Extracted entries:
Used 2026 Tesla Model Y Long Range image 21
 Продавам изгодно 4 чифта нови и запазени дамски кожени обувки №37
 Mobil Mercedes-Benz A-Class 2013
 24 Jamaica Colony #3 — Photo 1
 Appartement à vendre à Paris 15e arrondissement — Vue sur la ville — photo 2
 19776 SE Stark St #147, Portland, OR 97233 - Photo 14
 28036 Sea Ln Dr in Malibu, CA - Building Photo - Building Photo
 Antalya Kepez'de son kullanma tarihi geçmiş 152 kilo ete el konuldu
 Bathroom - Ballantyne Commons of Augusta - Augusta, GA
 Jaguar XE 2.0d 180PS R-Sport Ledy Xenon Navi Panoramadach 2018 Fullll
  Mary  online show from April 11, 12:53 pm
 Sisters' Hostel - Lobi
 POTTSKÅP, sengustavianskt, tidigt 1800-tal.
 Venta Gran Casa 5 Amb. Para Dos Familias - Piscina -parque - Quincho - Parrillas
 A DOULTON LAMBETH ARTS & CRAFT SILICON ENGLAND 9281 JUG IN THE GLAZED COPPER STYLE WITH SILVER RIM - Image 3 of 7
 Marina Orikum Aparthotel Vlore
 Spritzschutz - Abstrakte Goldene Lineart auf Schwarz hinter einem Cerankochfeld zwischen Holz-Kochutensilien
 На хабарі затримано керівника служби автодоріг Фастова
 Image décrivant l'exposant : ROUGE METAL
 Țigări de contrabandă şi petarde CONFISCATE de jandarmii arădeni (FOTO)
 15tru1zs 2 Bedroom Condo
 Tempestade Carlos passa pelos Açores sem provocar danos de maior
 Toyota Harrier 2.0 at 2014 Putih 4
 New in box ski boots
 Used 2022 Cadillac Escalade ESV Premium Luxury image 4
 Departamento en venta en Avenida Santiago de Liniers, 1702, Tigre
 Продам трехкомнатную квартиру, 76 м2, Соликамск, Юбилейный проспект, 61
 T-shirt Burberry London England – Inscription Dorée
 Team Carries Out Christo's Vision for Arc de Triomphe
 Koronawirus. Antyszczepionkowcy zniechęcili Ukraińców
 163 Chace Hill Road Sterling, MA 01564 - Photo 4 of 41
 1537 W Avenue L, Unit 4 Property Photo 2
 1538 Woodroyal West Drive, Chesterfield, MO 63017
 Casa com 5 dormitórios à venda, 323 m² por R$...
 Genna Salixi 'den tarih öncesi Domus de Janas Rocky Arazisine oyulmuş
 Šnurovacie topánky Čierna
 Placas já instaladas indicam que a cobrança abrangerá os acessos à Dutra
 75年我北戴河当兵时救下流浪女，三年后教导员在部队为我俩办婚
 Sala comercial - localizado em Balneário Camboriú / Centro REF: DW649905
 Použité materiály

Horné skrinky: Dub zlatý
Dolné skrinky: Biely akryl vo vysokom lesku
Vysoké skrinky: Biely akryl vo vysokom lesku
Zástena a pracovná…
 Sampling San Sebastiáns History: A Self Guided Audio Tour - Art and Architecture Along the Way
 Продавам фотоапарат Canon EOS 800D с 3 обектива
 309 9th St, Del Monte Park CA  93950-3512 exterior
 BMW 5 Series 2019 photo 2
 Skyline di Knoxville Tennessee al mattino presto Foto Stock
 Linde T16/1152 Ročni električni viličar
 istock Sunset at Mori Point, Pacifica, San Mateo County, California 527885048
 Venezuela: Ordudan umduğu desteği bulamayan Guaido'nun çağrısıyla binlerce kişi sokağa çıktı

What this task involves:
Give back the records above exactly, limited to the lines between the one holding "19776 SE Stark" and the one holding "Marina Orikum Aparthotel Vlore", inclusive.

Task result:
 19776 SE Stark St #147, Portland, OR 97233 - Photo 14
 28036 Sea Ln Dr in Malibu, CA - Building Photo - Building Photo
 Antalya Kepez'de son kullanma tarihi geçmiş 152 kilo ete el konuldu
 Bathroom - Ballantyne Commons of Augusta - Augusta, GA
 Jaguar XE 2.0d 180PS R-Sport Ledy Xenon Navi Panoramadach 2018 Fullll
  Mary  online show from April 11, 12:53 pm
 Sisters' Hostel - Lobi
 POTTSKÅP, sengustavianskt, tidigt 1800-tal.
 Venta Gran Casa 5 Amb. Para Dos Familias - Piscina -parque - Quincho - Parrillas
 A DOULTON LAMBETH ARTS & CRAFT SILICON ENGLAND 9281 JUG IN THE GLAZED COPPER STYLE WITH SILVER RIM - Image 3 of 7
 Marina Orikum Aparthotel Vlore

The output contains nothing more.